Подводя итог сказанному, следует признать, что в Училище правоведения, как и в любом закрытом учебном заведении для мальчиков, совершенно определенно имела место «внешняя» гомосексуальность, вызванная обстоятельствами и не влиявшая на будущую сексуальную ориентацию большинства, несмотря на то, что в нее вовлекались почти все учащиеся.
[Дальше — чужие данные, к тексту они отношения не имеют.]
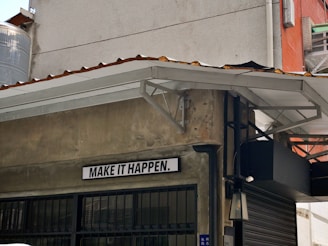 a sign on the side of a building that says make it happen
Небольшой процент воспитанников участвовал в коллизиях, определявшихся гомосексуальностью «внутренней», и выражением этих коллизий становились так называемые «особенные дружбы». Сам этот факт еще не дает основания считать, что такой тип гомосексуальных предрасположенностей со временем необратимо превратится в гомосексуальность исключительную или предпочтительную. Многое зависело от личностных особенностей подростка и социальной среды, в которую он попадал после училища. В том, что ученический состав, как до появления там Чайковского, так и во время его обучения или после окончания, — изобиловал людьми с ярко выраженными гомоэротическими тенденциями или даже сознательно предпочитавшими этот род любви, можно не сомневаться.
Очевидно, что сама окружающая среда, а следовательно, молвы и характер поведения воспитанников определили некоторые привычки и пристрастия юного Чайковского, в том числе и любовные. Скорее всего, подросток принимал участие в сексуальных играх, распространенных среди большинства его товарищей — у нас нет оснований полагать иное, ибо ему не были присущи строгие принципы на этот счет. С другой стороны, он вряд ли стремился к последовательности, поскольку в отличие от сноба и нонконформиста Апухтина не любил выделяться в обществе. Решающим было то, что за время обучения он приобрел достаточно серьезный опыт возвышенных чувств — к Адамову, Герарду, Апухтину — и в особенности к Сергею Кирееву.